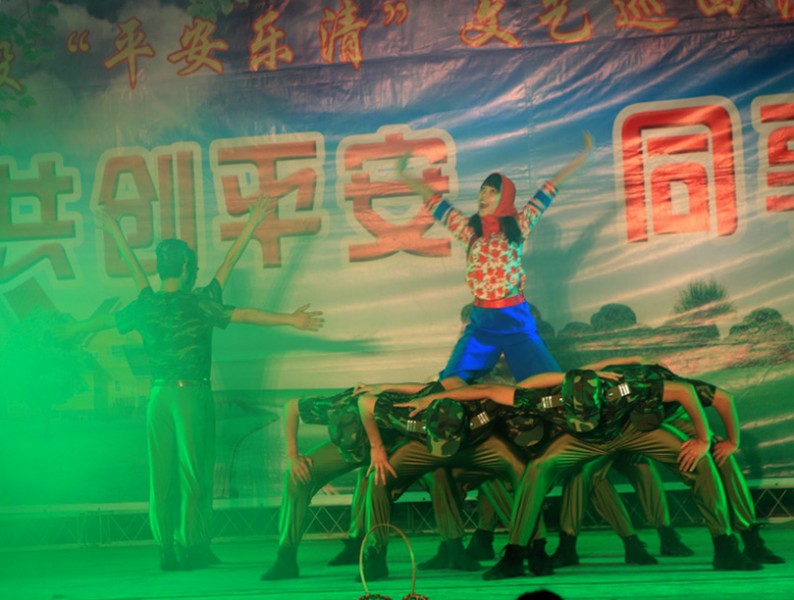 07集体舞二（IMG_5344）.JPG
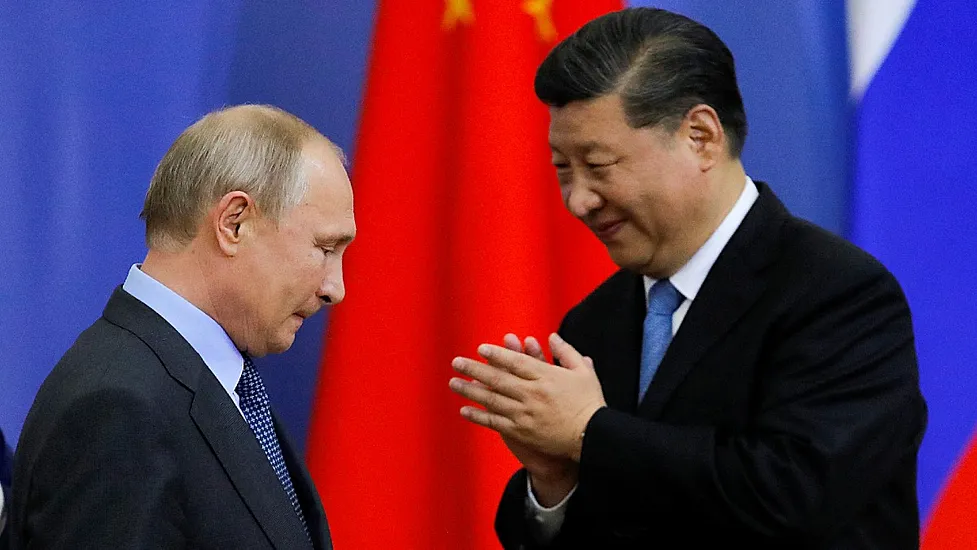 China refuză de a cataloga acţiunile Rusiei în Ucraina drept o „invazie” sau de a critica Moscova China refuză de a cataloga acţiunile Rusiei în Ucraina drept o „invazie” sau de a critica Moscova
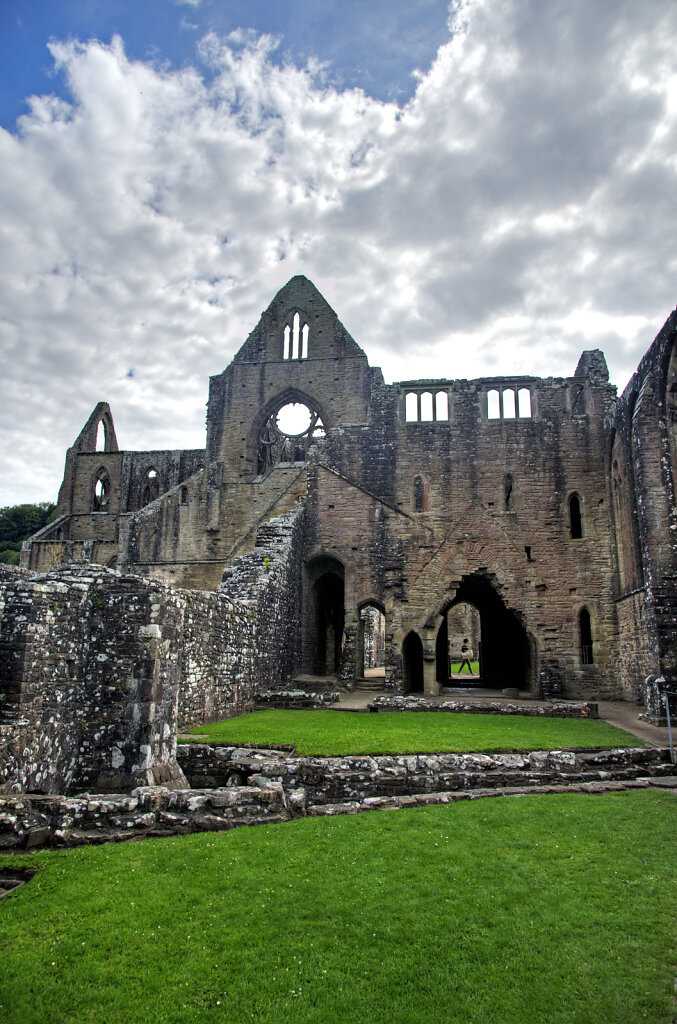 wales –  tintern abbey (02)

### The problem
An exact copy of the data above is required, printed without its pictures.

### Answer box
 07集体舞二（IMG_5344）.JPG
 China refuză de a cataloga acţiunile Rusiei în Ucraina drept o „invazie” sau de a critica Moscova China refuză de a cataloga acţiunile Rusiei în Ucraina drept o „invazie” sau de a critica Moscova
 wales –  tintern abbey (02)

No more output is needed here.